** Opening Material supplied block **
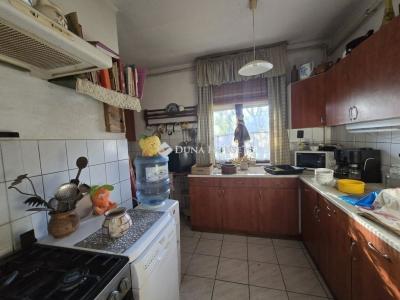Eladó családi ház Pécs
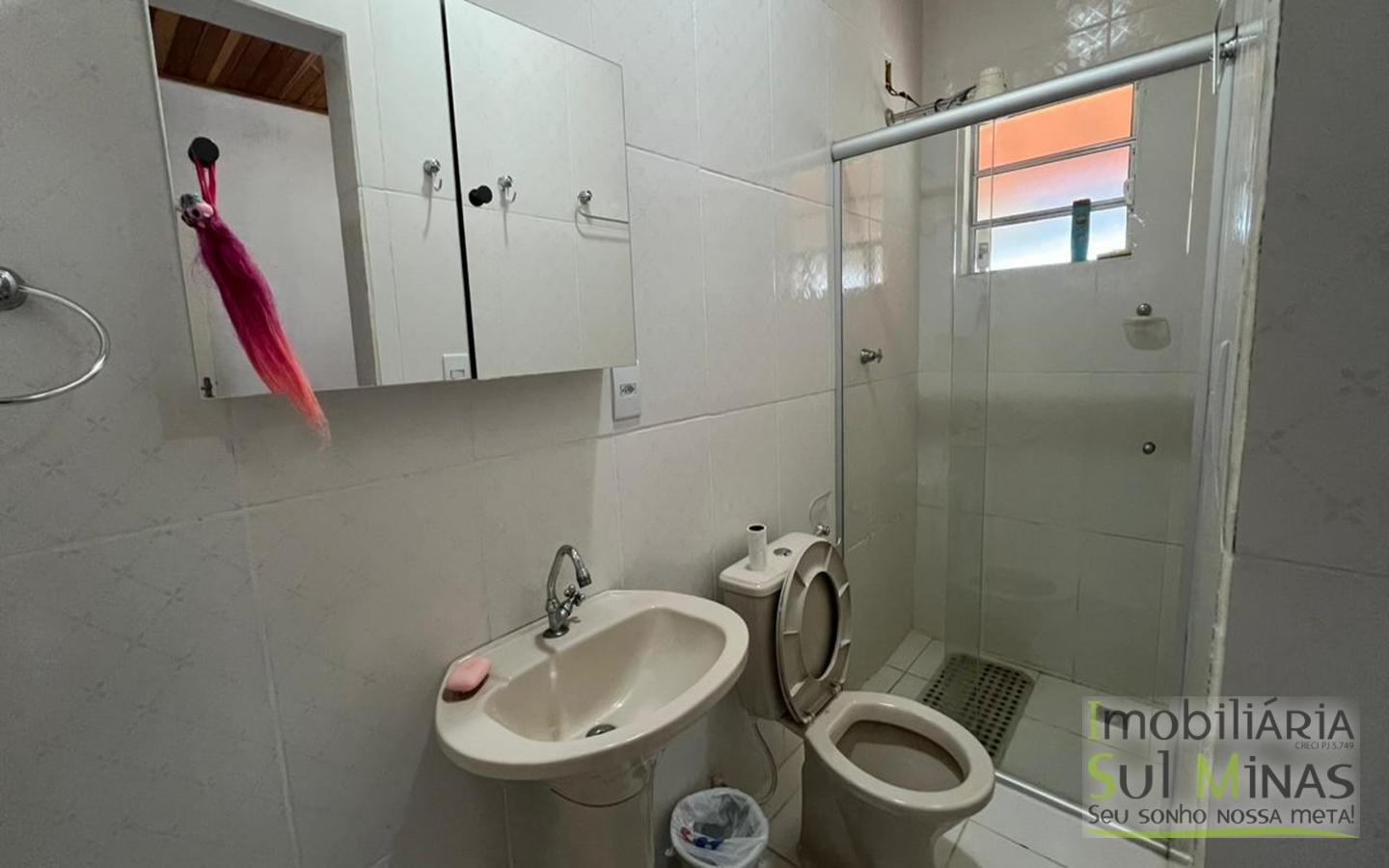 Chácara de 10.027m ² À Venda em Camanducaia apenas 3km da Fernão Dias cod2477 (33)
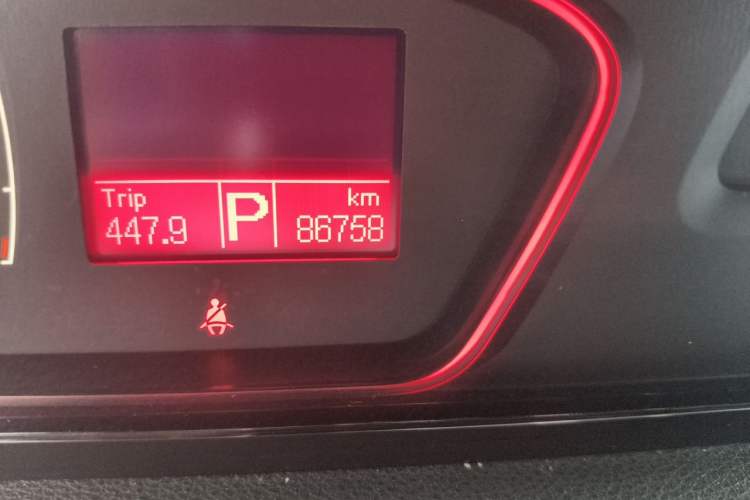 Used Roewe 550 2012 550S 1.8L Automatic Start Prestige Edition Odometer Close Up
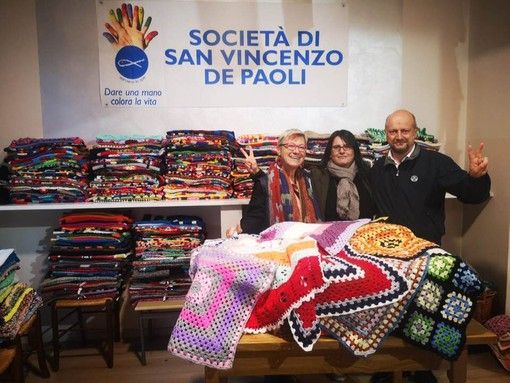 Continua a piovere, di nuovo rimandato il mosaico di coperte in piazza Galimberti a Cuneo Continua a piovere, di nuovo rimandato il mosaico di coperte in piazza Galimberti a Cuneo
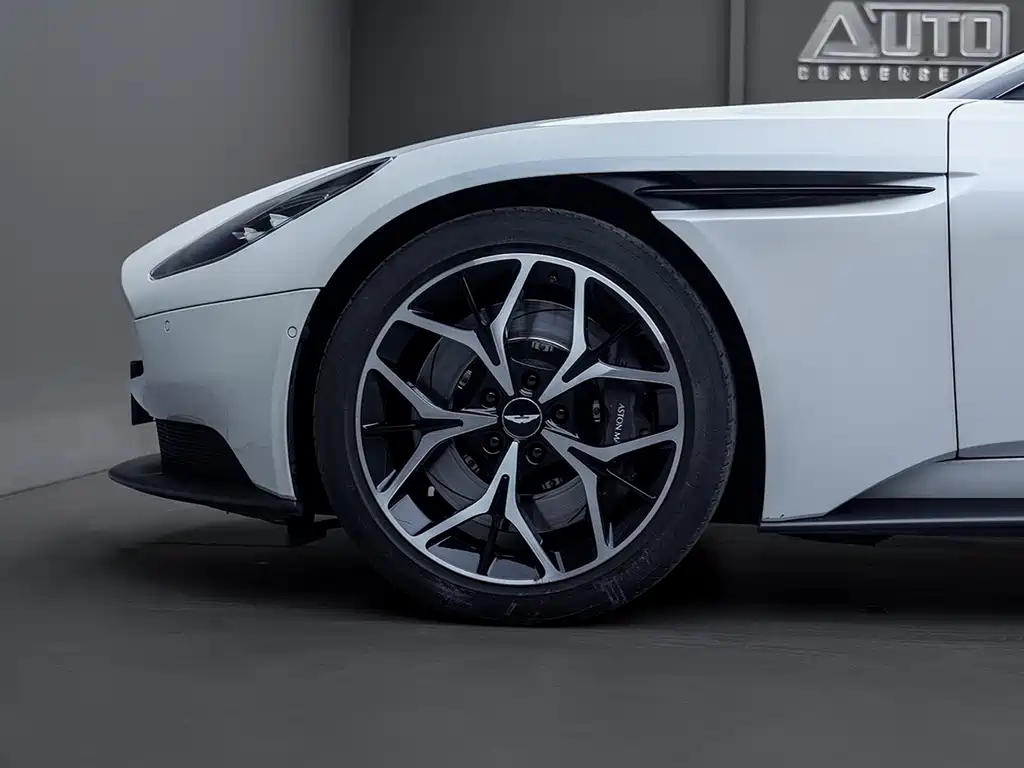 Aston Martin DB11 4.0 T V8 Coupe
** Closing Material supplied block **
Assignment —
Transcribe, word for word, the stretch of lines in the data above from the one with "Chácara de 10.027m" through the one with "Used Roewe 550"; omit all pictures.

Response to the task —
 Chácara de 10.027m ² À Venda em Camanducaia apenas 3km da Fernão Dias cod2477 (33)
 Used Roewe 550 2012 550S 1.8L Automatic Start Prestige Edition Odometer Close Up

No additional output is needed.